Death of a President (2006) - Synopsis

Winner of the International Critics' Prize at the Toronto Film Festival, DEATH OF A PRESIDENT is conceived as a fictional TV documentary broadcast in 2008, reflecting on another monstrously despicable and cataclysmic event: the assassination of President George W. Bush on October 19th, 2007. The "documentary" combines archival footage and carefully composed interviews, presented in a respectful and dignified manner. Exciting and questioning, it refashions the event into a riveting story.

The film opens with the ferocious energy of a Tarantino or Oliver Stone movie, as frenetically edited archival footage thrusts us into a raging crowd of protesters, waiting for President Bush's procession. The President is portrayed as a sympathetic and likable man beloved by those close to him and charming to his followers. As the President gives a patriotic speech inside a hotel, the demonstrators' fury increases to the breaking point. The tension mounts until the horrible instant where the President is assassinated.

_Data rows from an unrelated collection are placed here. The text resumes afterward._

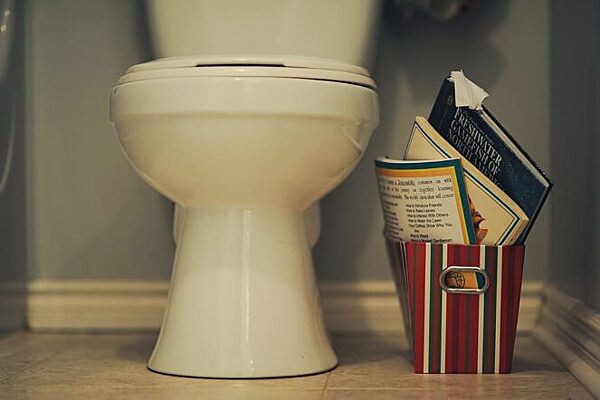 Как найти утечку в туалете и устранить ее | ecomamochka.ru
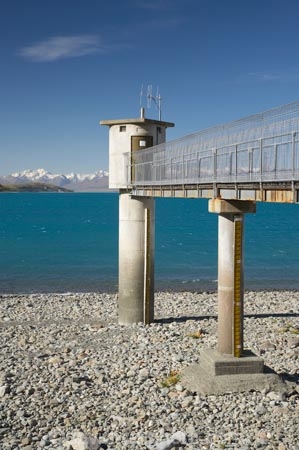 Canterbury;climate-change;drought;dry;electricity;electricity-crisis;electricity-generation;electricity-generators;environment;environmental;generator;global-warming;hydro-electric;hydro-electricity;hydro-energy;hydro-generation;hydro-power;hydro-power-scheme;hydro_electric;hydro_electricity;hydroelectric;hydroelectricity;lack-of-water;lake;lake-level-gauge;lake-level-gauges;lake-level-indicator;lake-level-indicators;lake-level-marker;lake-level-markers;Lake-Tekapo;lakes;low-hydro-level;low-hydro-levels;low-lake-level;low-lake-levels;low-water-level;low-water-levels;Mackenzie-Country;meridian;N.Z.;New-Zealand;no-rain;NZ;power;power-generation;power-shortage;renewable-energy;S.I.;SI;South-Canterbury;South-Is.;South-Island;sustainable-energies;sustainable-energy;Tekapo;water-depth-scale;water-height-scale;water-level-gauge;water-level-gauges;water-level-indicator;water-level-indicators;water-level-measurement-gauge;water-shortage;water-use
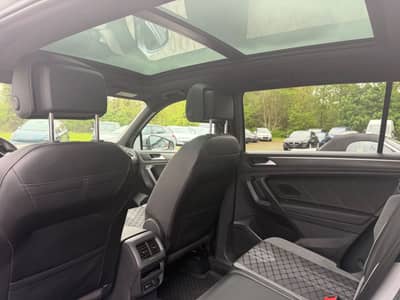 Volkswagen Tiguan Allspace R-LINE 4M HUD KEYLESS PANO DCC — slika 13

After the assassination, the film shifts into the style of a mystery, and follows the FBI's hunt for the assassin. All the suspects are interviewed except one Syrian man who is convicted and put on death row. There is much circumstantial evidence against him. But is he guilty of the crime? Or does his being Middle Eastern provide a convenient excuse to label the death of the President as an Act of Terror?

Director Gabriel Range previously used the device of a "retrospective documentary" in his celebrated 2003 film "The Day Britain Stopped," about a chain of events that led to a breakdown of the country's transport system and nearly a hundred fatalities. Both of these films have been acclaimed for the technical virtuosity with which they combine archival footage and filmed scenes to create disturbingly real visions of catastrophes.

"Death of a President" was honored by The International Critics Prize Jury (FIPRESCI) at Toronto for "the audacity with which it distorts reality, to reveal a larger truth."